RAW DATA:
------------------------------------------------

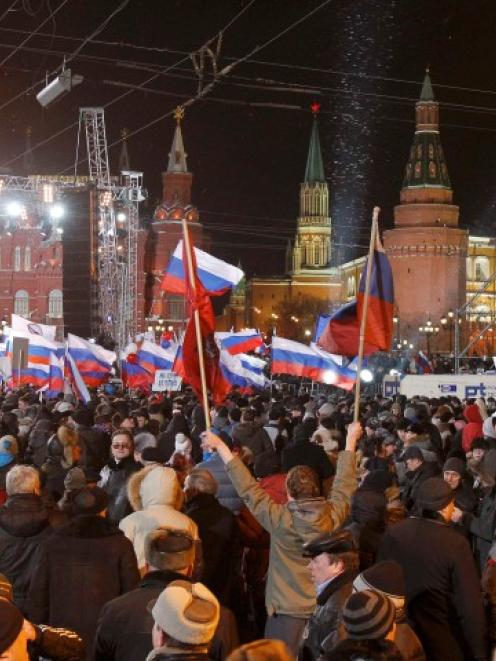 People rally in support of Russia's Prime Minister and presidential candidate Vladimir Putin in...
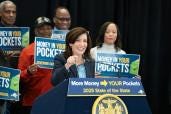 Governor Kathy Hochul standing at a podium with a microphone, announcing New York State's first-ever Inflation Refund proposal, with a group of people including Micah Shrewsberry, M. M. Mani, and Chanda Rubin in the background.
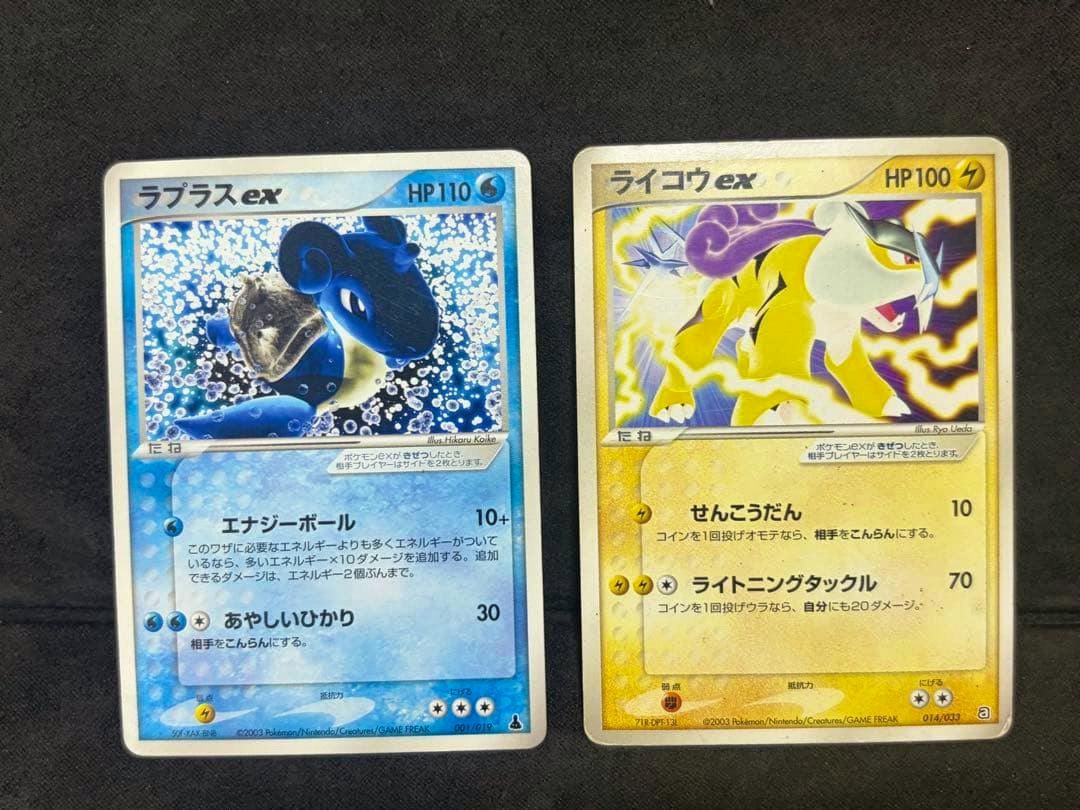 Two Pokémon trading cards (Lapras ex and Raikou ex) placed side by side on a black surface.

------------------------------------------------

WHAT IS REQUIRED:
Write the listing above out again exactly, dropping each image.

SOLUTION TO THIS TASK:
 People rally in support of Russia's Prime Minister and presidential candidate Vladimir Putin in...
 Governor Kathy Hochul standing at a podium with a microphone, announcing New York State's first-ever Inflation Refund proposal, with a group of people including Micah Shrewsberry, M. M. Mani, and Chanda Rubin in the background.
 Two Pokémon trading cards (Lapras ex and Raikou ex) placed side by side on a black surface.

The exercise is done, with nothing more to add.